= WORK TASK =
Once "Svimka Femeie cu un băiețel și o fetiță" turns up in a line below, reproduce that line and those after it exactly, stopping after the line with "Custom Design Railing."; leave pictures out.

= LISTED RECORDS =
----------------

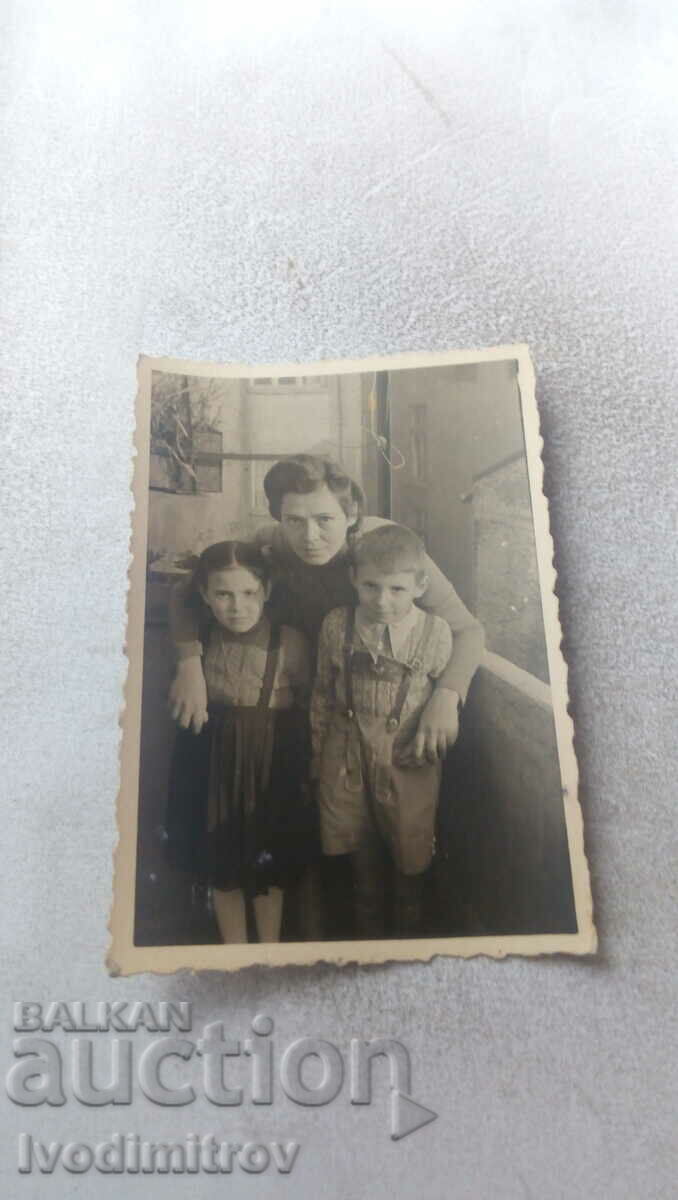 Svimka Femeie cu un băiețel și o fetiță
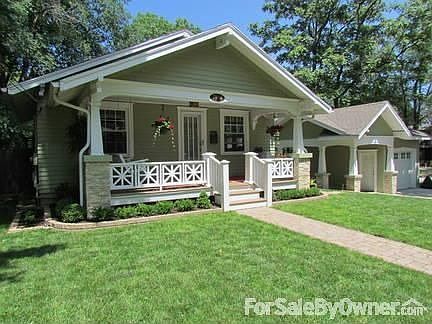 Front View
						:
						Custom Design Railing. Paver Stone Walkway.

----------------

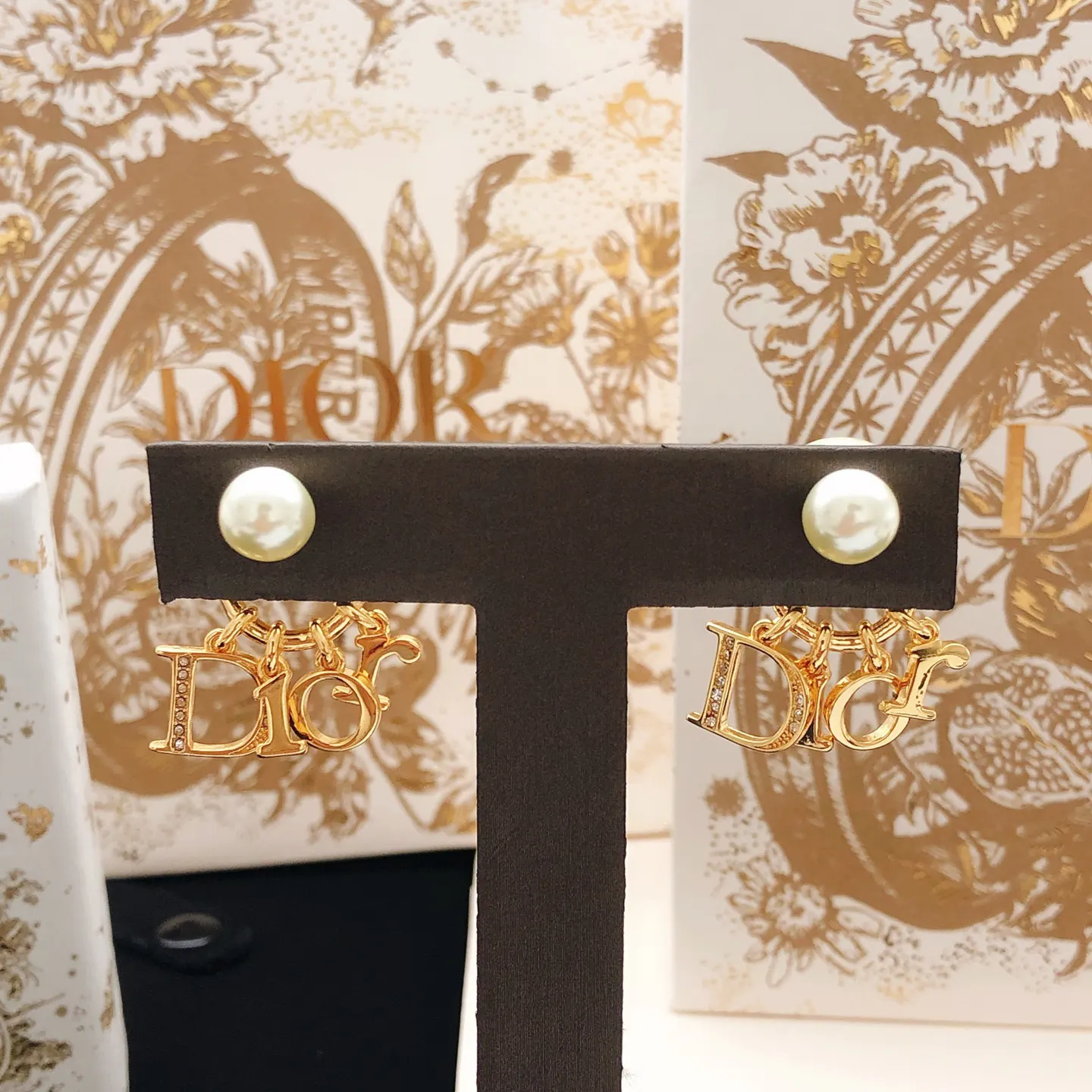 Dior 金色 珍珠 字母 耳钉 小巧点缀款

----------------

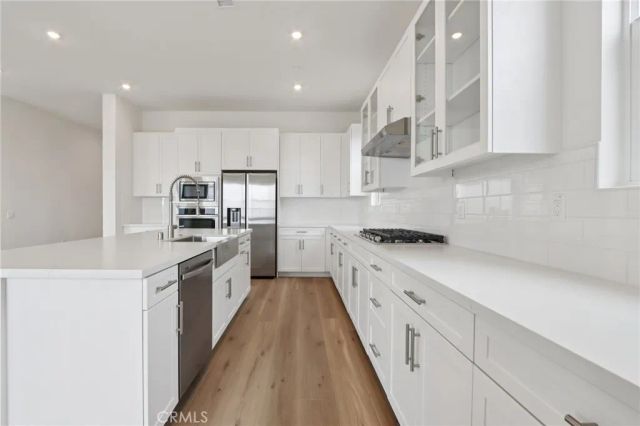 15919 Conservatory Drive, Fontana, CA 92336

----------------

= OUTPUT FOR THIS TASK =
 Svimka Femeie cu un băiețel și o fetiță
 Front View
						:
						Custom Design Railing. Paver Stone Walkway.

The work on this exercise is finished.